Any advice on the KA, PH and co2 chart and it’s meaning much appreciated. 

Thank you

Bhu


----------



## Edvet (17 Mar 2018)

This card is dangerous indeed. Don't use it to see how much CO2 you have or need, in fact throw it away.
Al kind of substances have influence on the pH apart from CO2. and the effect CO2 has on pH is dependend on buffering like hardness gives.
That"s why the general advice is: if you want to see how your CO2 functions do a pH profile.The drop you want is dependent on your KH and light level.


----------



## Bhu (17 Mar 2018)

I’m using the TMC GroBeam 600 Ultima ND - Twin and as said the KH is 9 somquite hard water. 

Really I should just trust the co2 liquid tester in the aquarium in the glass holder?


----------



## Bhu (17 Mar 2018)

Aquarium depth 55cm


----------



## Edvet (17 Mar 2018)

A dropchecker can work if you understand their limits
https://www.ukaps.org/index.php?page=co2-measurement-using-a-drop-checker


----------



## Bhu (17 Mar 2018)

So really at the end of the day it’s just to read the aquarium.

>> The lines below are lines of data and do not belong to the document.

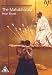 The Mahabharata [1989]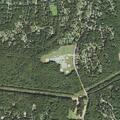 Traumatic injury reported near Guinevere Lane in Pomfret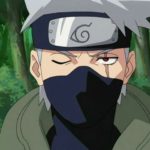 8 Karakter Paling Jenius di Anime Naruto8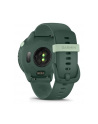 Zegarek Garmin Vivoactive 6 42mm Jasper Green - nr 16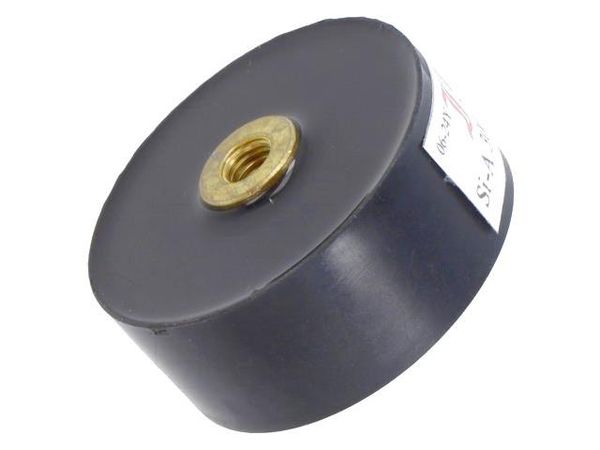 SI-A3000 Diodes - General Purpose, Power, Switching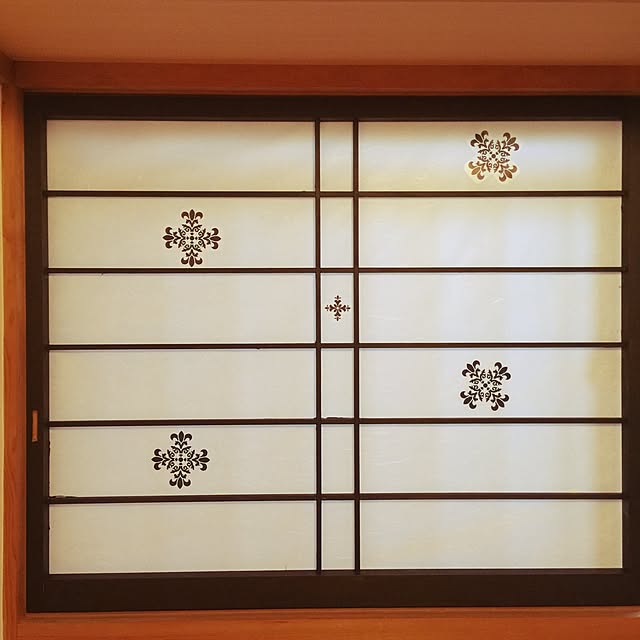 373haaruharuさんの実例写真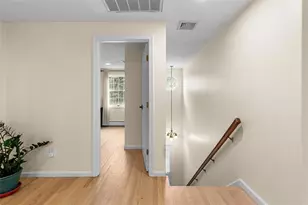 58 Needle Grove Point, North Providence, RI 02904 - Photo 24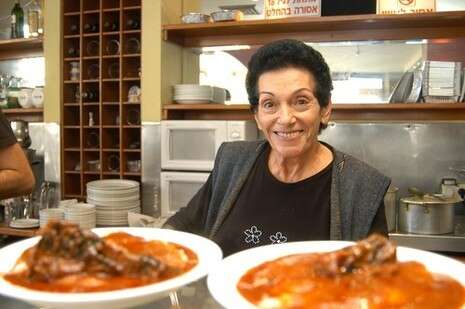 צילום: יח''צ צילום: יח''צ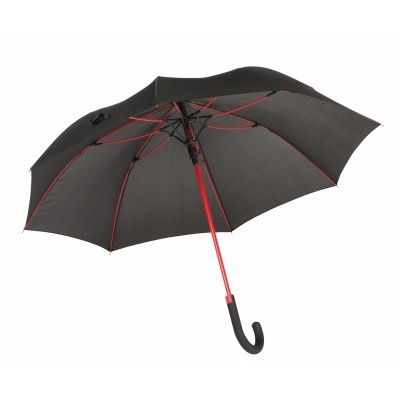Automatyczny parasol CANCAN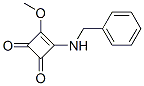 (9ci)-3--4-[(׻)]-3-h(hun)ϩ-1,2-ͪY(ji)(gu)ʽ_636601-12-2Y(ji)(gu)ʽ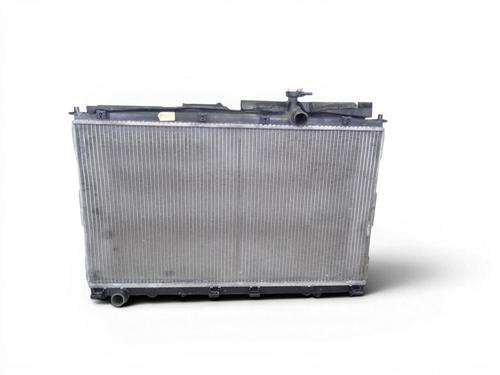 Used Water radiator Water radiator HYUNDAI SANTA FÉ II (CM) [2005-2015] 34008386 34008386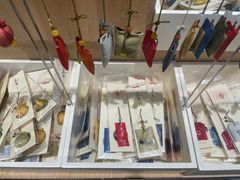 -覔书店(壹方城店)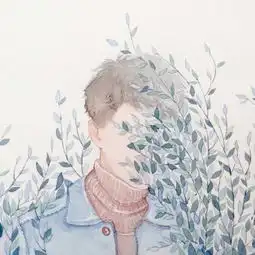 海誓山盟纣王老何单曲网易云音乐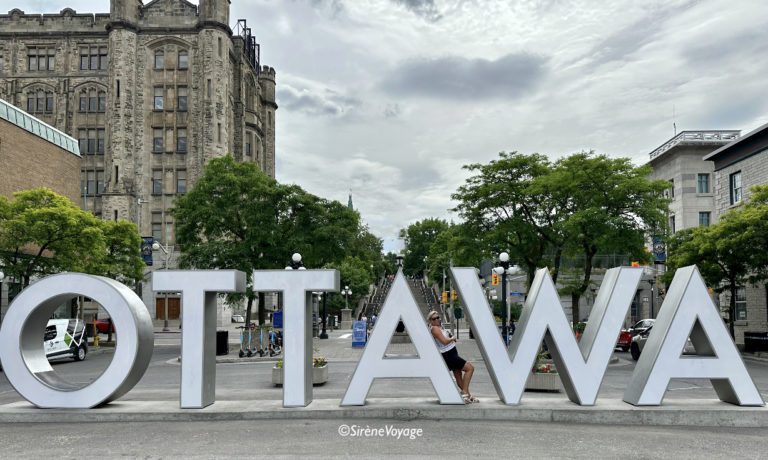 Ottawa 6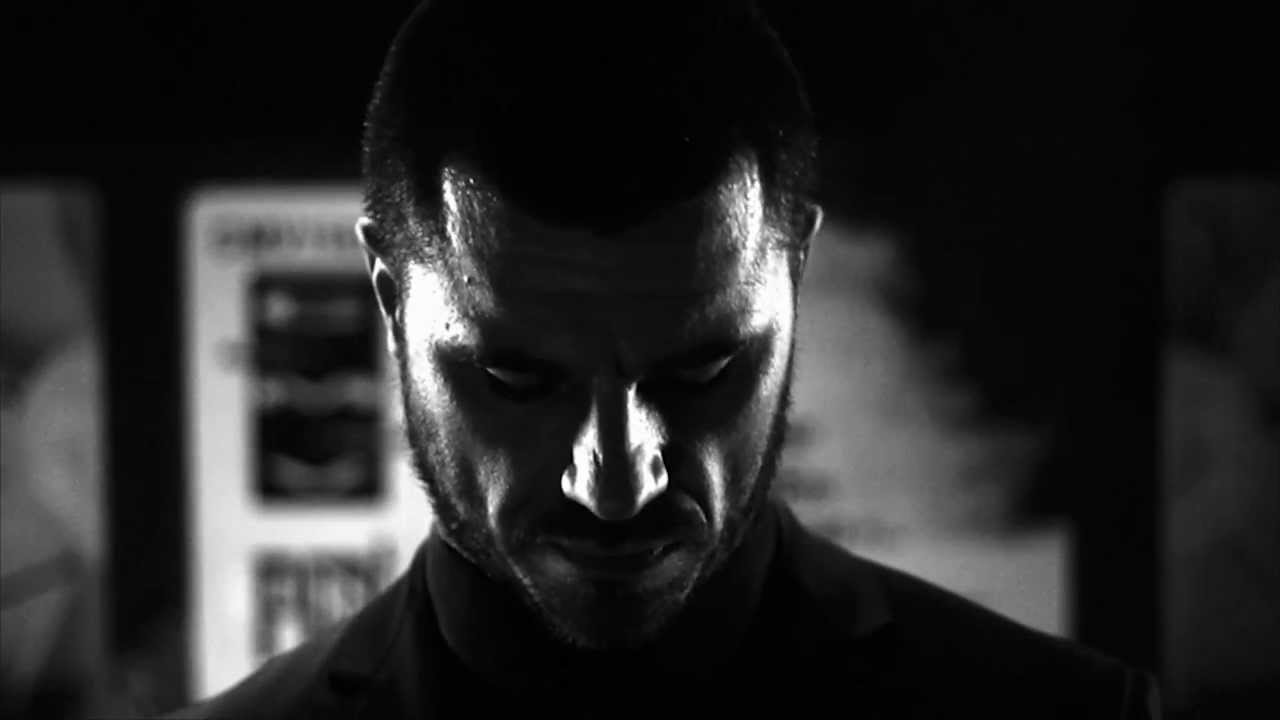 Vassilopoulos 720p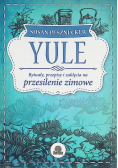 Yule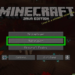 How to Play Multiplayer on Minecraft Java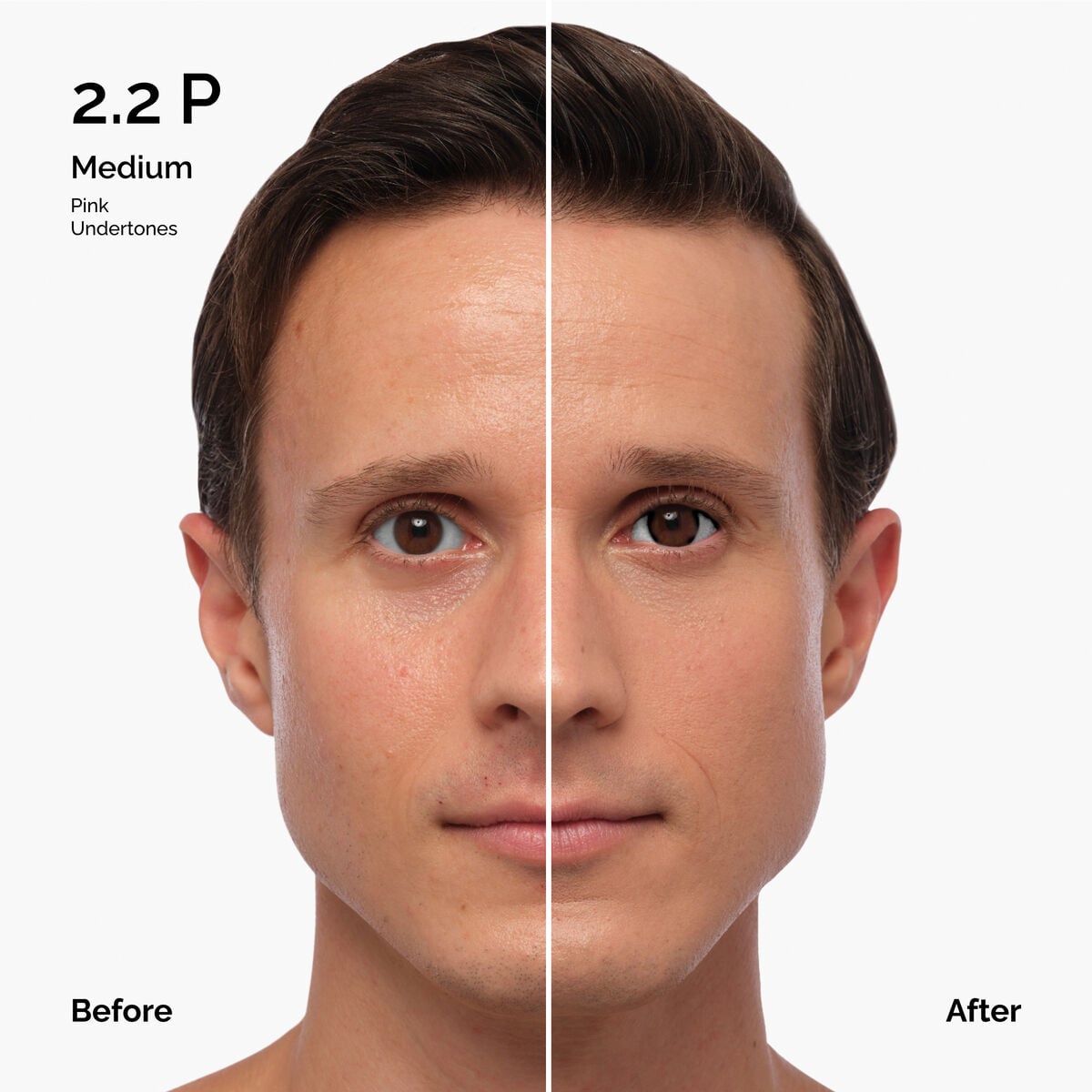 serum-foundation-s5 FY26-D50942-ORD-Web-PDP-Colours-B A-1x1-EN-2.2P.jpg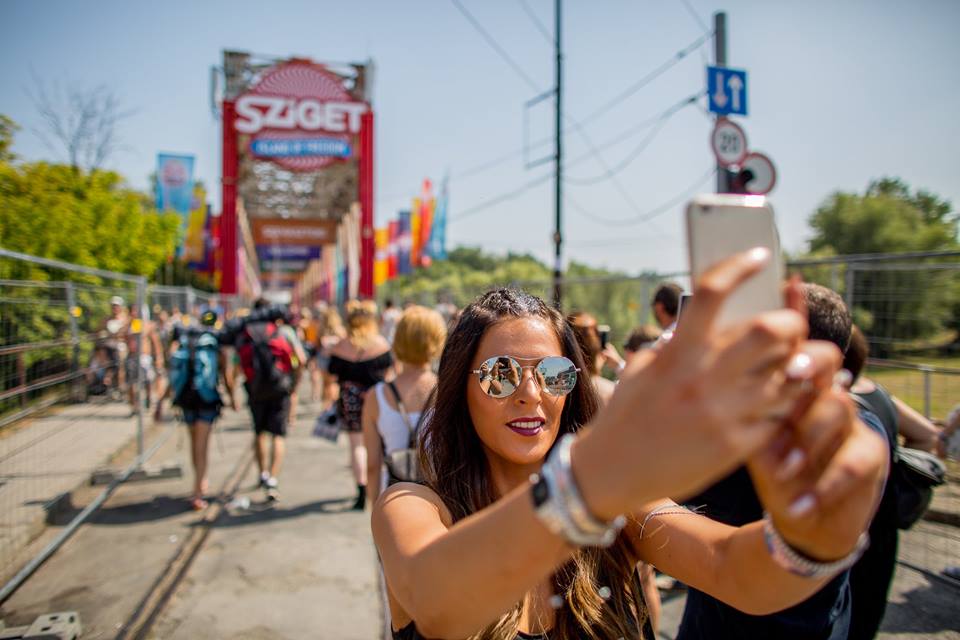 sziget_04.jpg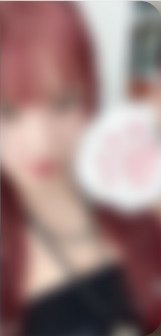 We made mp 2.0線下 簽售卡 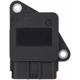 Purchase Top-Quality New Air Mass Sensor by RICHPORTER TECHNOLOGY - MA234 pa4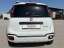 Fiat Panda Cross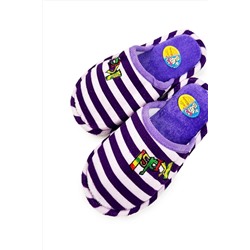 Тапки А-70F-019-1-06 зак НАТАЛИ, 876596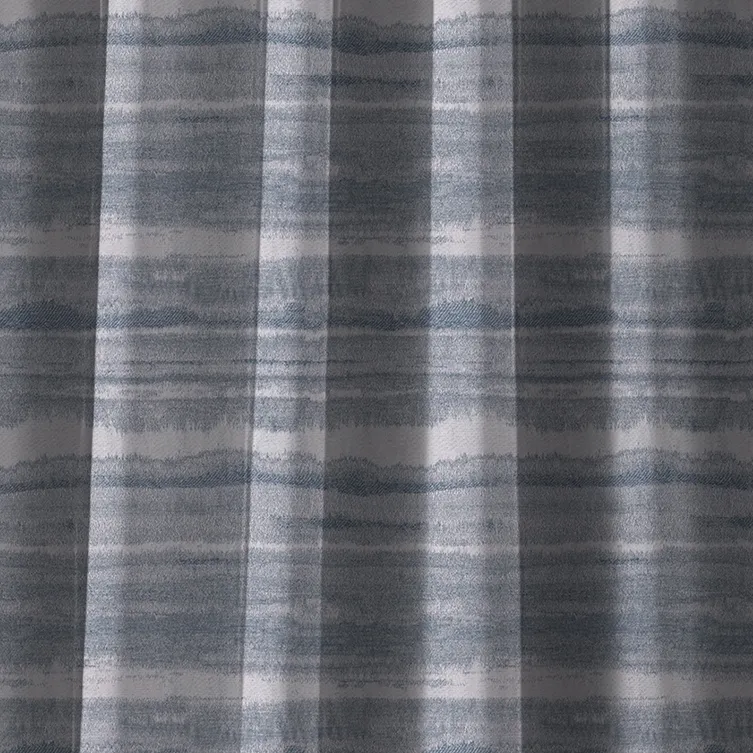 Cosmic Charm Edition 5 - Serica | Made to Order Light Filtering Curtains - Image 26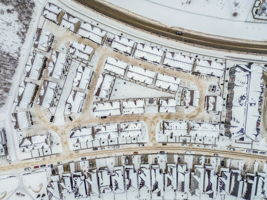 VX - Aerial Drone Image - (7)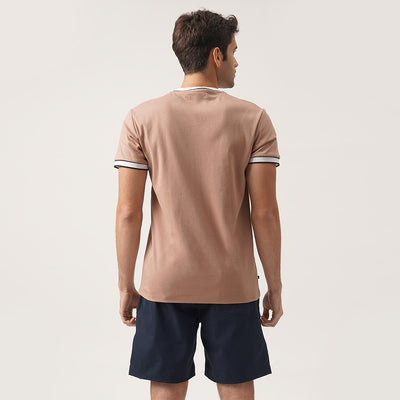 969159-Taupe (1).jpg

Shrimp struggling turn co2 down, algae starting to bloom plants suffer turn up co2 and use minute adjustments until a balance is reached....


----------



## Zeus. (17 Mar 2018)

Edvet said:


> if you want to see how your CO2 functions do a pH profile.



Agree 100% get a cheap pH pen pen and paper and do a graph, best to get stable pH before lights on which takes about 2hrs dependant on your BPS/turnover/surface agitation.
use the DC colour change with a time delay of 1-2hrs to work out what the approx [CO2] is for a given pH


----------



## Bhu (17 Mar 2018)

Ok. Thanks for the advise. I have a good quality ph pen so will plot a graph and see what it tells me.


----------